All of lore.kernel.org
 help / color / mirror / Atom feed
From: Vlastimil Babka <vbabka@suse.cz>
To: Yang Shi <shy828301@gmail.com>,
	guro@fb.com, ktkhai@virtuozzo.com, shakeelb@google.com,
	david@fromorbit.com, hannes@cmpxchg.org, mhocko@suse.com,
	akpm@linux-foundation.org
Cc: linux-mm@kvack.org, linux-fsdevel@vger.kernel.org,
	linux-kernel@vger.kernel.org
Subject: Re: [v7 PATCH 12/12] mm: vmscan: shrink deferred objects proportional to priority
Date: Thu, 11 Feb 2021 14:10:49 +0100	[thread overview]
Message-ID: <acd1915c-306b-08a8-9e0f-b06c1e09fb4c@suse.cz> (raw)
In-Reply-To: <20210209174646.1310591-13-shy828301@gmail.com>

On 2/9/21 6:46 PM, Yang Shi wrote:
> The number of deferred objects might get windup to an absurd number, and it
> results in clamp of slab objects.  It is undesirable for sustaining workingset.
> 
> So shrink deferred objects proportional to priority and cap nr_deferred to twice
> of cache items.

Makes sense to me, minimally it's simpler than the old code and avoiding absurd
growth of nr_deferred should be a good thing, as well as the "proportional to
priority" part.

I just suspect there's a bit of unnecessary bias in the implementation, as
explained below:

> The idea is borrowed from Dave Chinner's patch:
> https://lore.kernel.org/linux-xfs/20191031234618.15403-13-david@fromorbit.com/
> 
> Tested with kernel build and vfs metadata heavy workload in our production
> environment, no regression is spotted so far.
> 
> Signed-off-by: Yang Shi <shy828301@gmail.com>
> ---
>  mm/vmscan.c | 40 +++++-----------------------------------
>  1 file changed, 5 insertions(+), 35 deletions(-)
> 
> diff --git a/mm/vmscan.c b/mm/vmscan.c
> index 66163082cc6f..d670b119d6bd 100644
> --- a/mm/vmscan.c
> +++ b/mm/vmscan.c
> @@ -654,7 +654,6 @@ static unsigned long do_shrink_slab(struct shrink_control *shrinkctl,
>  	 */
>  	nr = count_nr_deferred(shrinker, shrinkctl);
>  
> -	total_scan = nr;
>  	if (shrinker->seeks) {
>  		delta = freeable >> priority;
>  		delta *= 4;
> @@ -668,37 +667,9 @@ static unsigned long do_shrink_slab(struct shrink_control *shrinkctl,
>  		delta = freeable / 2;
>  	}
>  
> +	total_scan = nr >> priority;
>  	total_scan += delta;

So, our scan goal consists of the part based on freeable objects (delta), plus a
part of the defferred objects (nr >> priority).

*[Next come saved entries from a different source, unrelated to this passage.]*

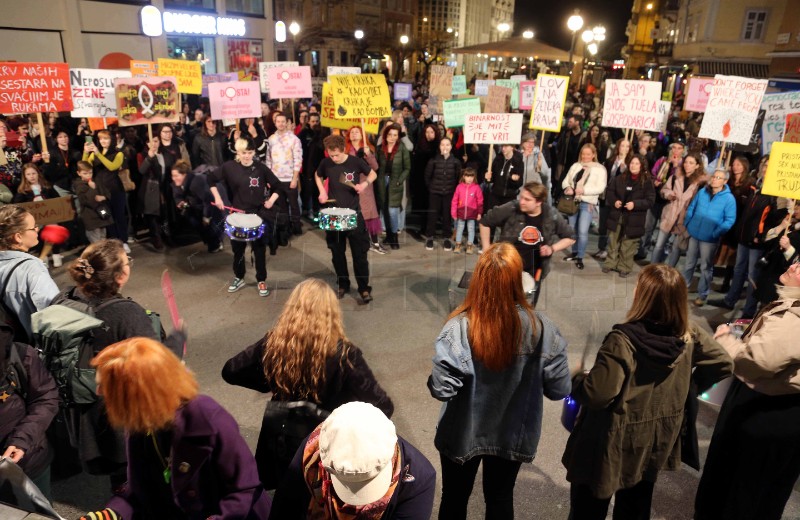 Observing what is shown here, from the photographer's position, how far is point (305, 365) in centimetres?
269

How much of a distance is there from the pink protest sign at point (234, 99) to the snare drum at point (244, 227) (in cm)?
398

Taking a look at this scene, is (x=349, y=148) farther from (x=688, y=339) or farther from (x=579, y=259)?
(x=688, y=339)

Fine.

> -	if (total_scan < 0) {
> -		pr_err("shrink_slab: %pS negative objects to delete nr=%ld\n",
> -		       shrinker->scan_objects, total_scan);
> -		total_scan = freeable;
> -		next_deferred = nr;
> -	} else
> -		next_deferred = total_scan;
> -
> -	/*
> -	 * We need to avoid excessive windup on filesystem shrinkers
> -	 * due to large numbers of GFP_NOFS allocations causing the
> -	 * shrinkers to return -1 all the time. This results in a large
> -	 * nr being built up so when a shrink that can do some work
> -	 * comes along it empties the entire cache due to nr >>>
> -	 * freeable. This is bad for sustaining a working set in
> -	 * memory.
> -	 *
> -	 * Hence only allow the shrinker to scan the entire cache when
> -	 * a large delta change is calculated directly.
> -	 */
> -	if (delta < freeable / 4)
> -		total_scan = min(total_scan, freeable / 2);
> -
> -	/*
> -	 * Avoid risking looping forever due to too large nr value:
> -	 * never try to free more than twice the estimate number of
> -	 * freeable entries.
> -	 */
> -	if (total_scan > freeable * 2)
> -		total_scan = freeable * 2;
> +	total_scan = min(total_scan, (2 * freeable));

Probably unnecessary as we cap next_deferred below anyway? So total_scan cannot
grow without limits anymore. But can't hurt.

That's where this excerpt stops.